The Duchamp Research Portal Data Pipeline consists of three layers of data handling:
Tabular data layer (selection, validation, escaping) --> Linked data layer (reconciliation, flattening, composition) --> Presentation layer (browse, search, display)
Likewise there is an image layer that takes source images from an institution's web-available links and a repository of source images in AWS. These source images are compressed to JPEG2000:
Uncompressed and unnormalized source images (TIFF, JPEG) --> Presentation layer (JPEG2000)
Each of these layers use a few specific frameworks glued together with some basic plumbing code (written in Python) to move data between systems, manage the linked data graph, and prepare data for display:
Data is moved between these stores with a basic pipeline written in python that runs loading, transform, and export jobs through a simple queue that provides parallel execution. The command line options and structure use click
, the processing queue uses Queues and a Pool from python's multiprocessing
library, and linked data transforms and RDF generation are handled using the bulk RDF generator from USC-ISI's Karma project and (for some data types) Python's CSVW package.
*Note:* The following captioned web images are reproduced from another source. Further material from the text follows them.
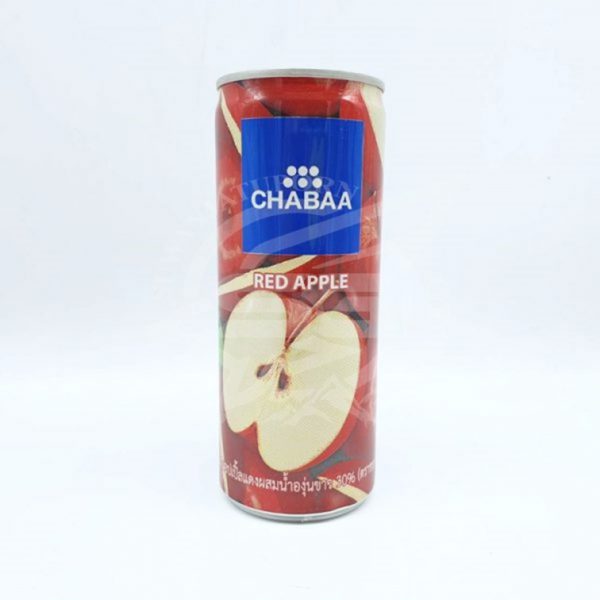 น้ำผลไม้ 100% CHABAA 230 มล. แอปเปิ้ล เครื่องดื่มกระป๋องพร้อมดื่ม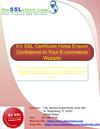 EV SSL Certificate helps ensure confidence in your e-commerce website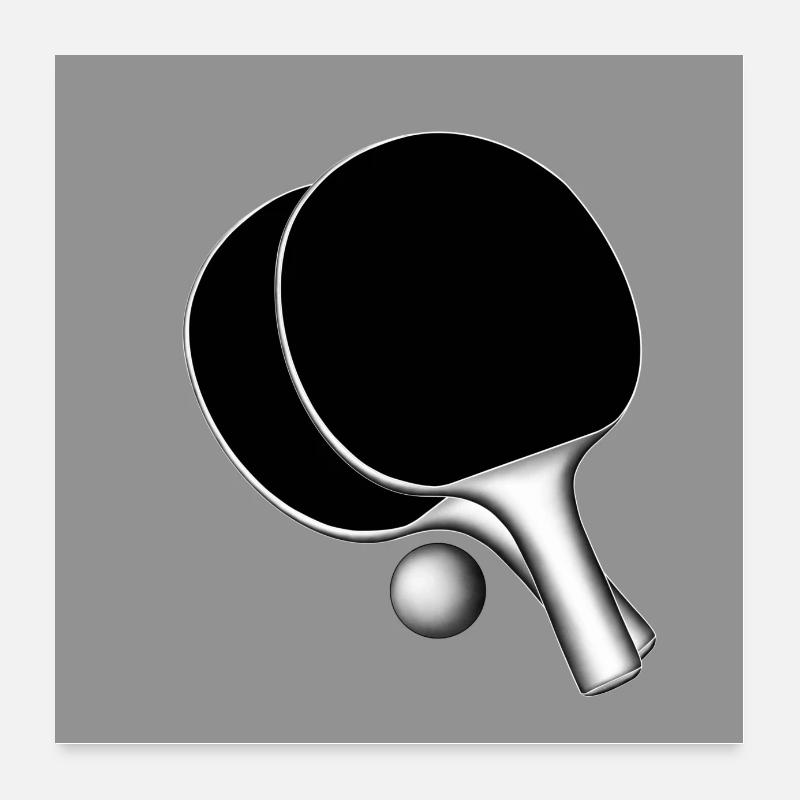 Raquette de ping-pong Poster 60 x 60 cm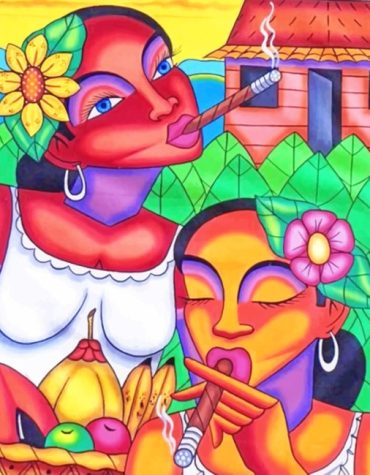 Women Smoking African Art Paint By Numbers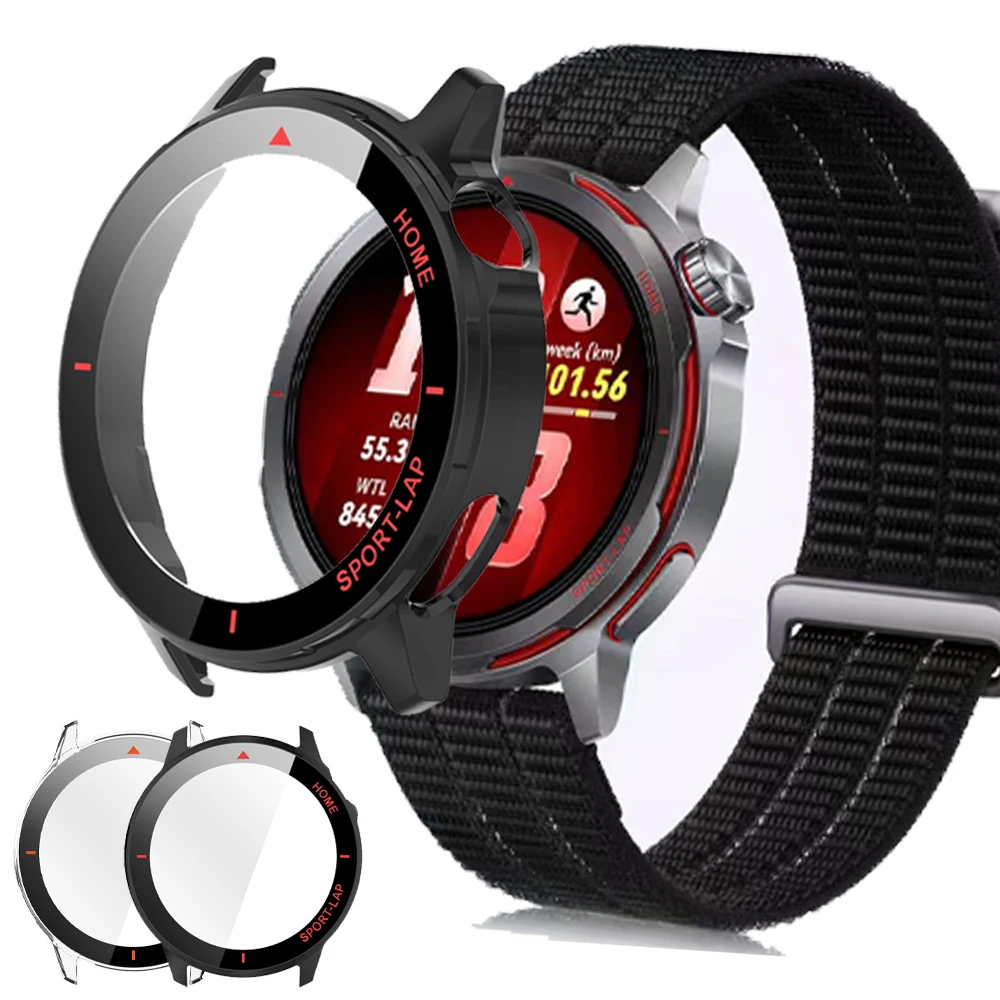 Фото Чехол для Huawei Watch GT Runner 2 с HD-стеклом, защитный чехол от падений, аксессуары для Huawei Watch GT Runner 2, защитный бампер №1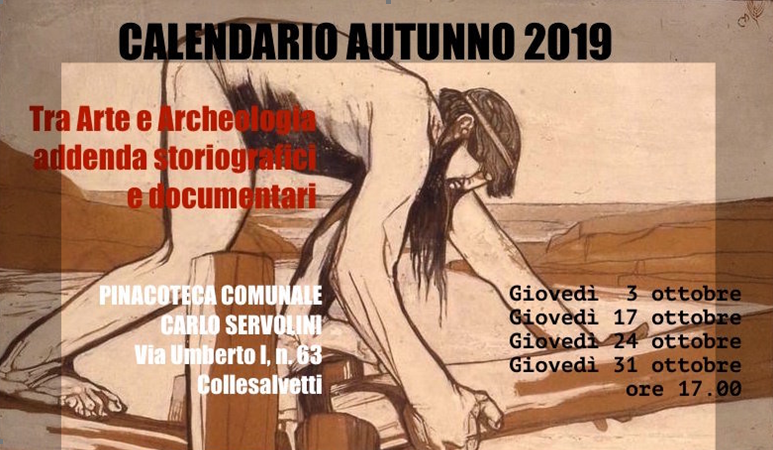 ALLA PINACOTECA SERVOLINI DI COLLESALVETTI AL VIA IL CALENDARIO AUTUNNO 2019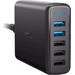 Anker PowerPort Speed Ladegerät 5 USB-Anschlüsse 18 W Quick Charge 3.0 Schwarz Main Image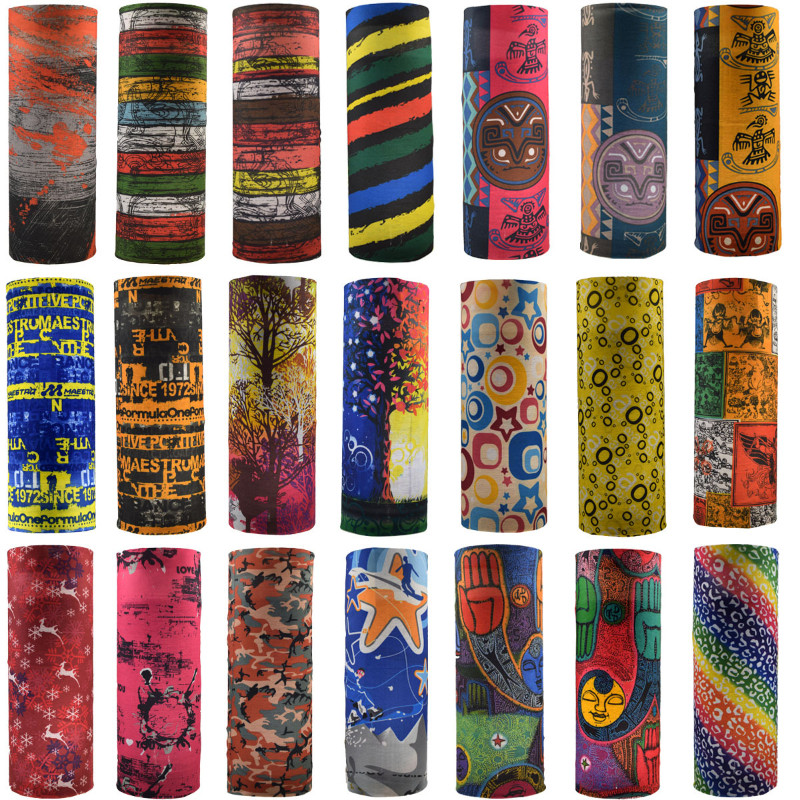 无缝骑行头巾面罩魔术户外运动男女自行车头套汗巾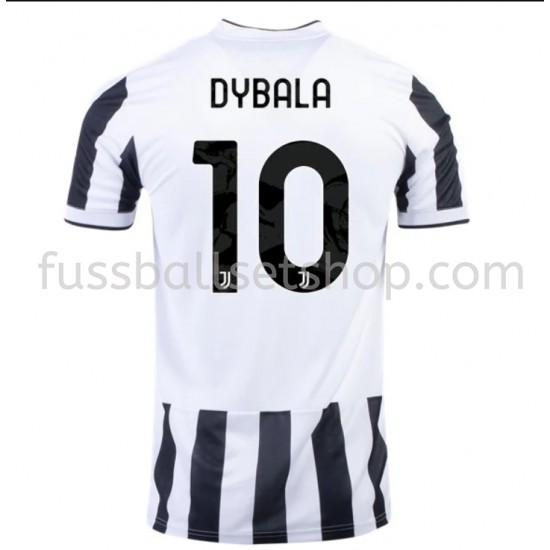 Günstige Fußball Trikotsatz Juventus Turin Paulo Dybala 10 Heimtrikot 2021-2022 Kurzarm
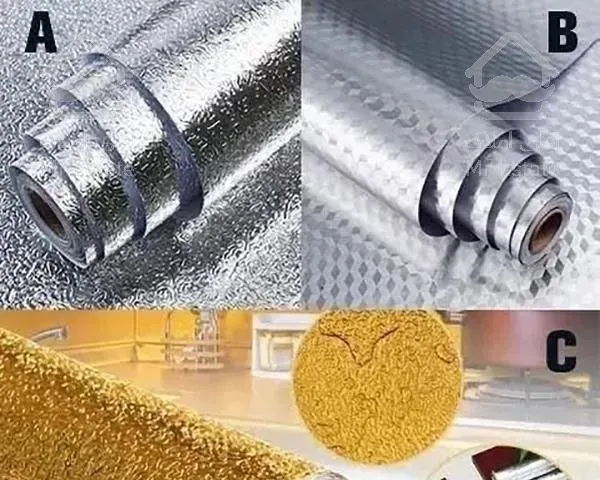 انواع برچسب کابینت و کاغذ دیواری چسبی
Image normalization is done in Pillow and JPEG2000 compression is executed with OpenJPEG. For a detailed breakdown of the pipeline stack, take a look at the collections app code.
For generating the site from linked data, we use a few custom mapping classes that feed simplified JSON documents to HTML generators with Jinja2 templates and a few simple Elasticsearch management tools that use elasticsearch-py. For more information on the site generator, take a look at the collections app site generator code.
For deployment and production site generation we use a GitHub repository that automatically generates the front-end code on commit and publishes to a Netlify site.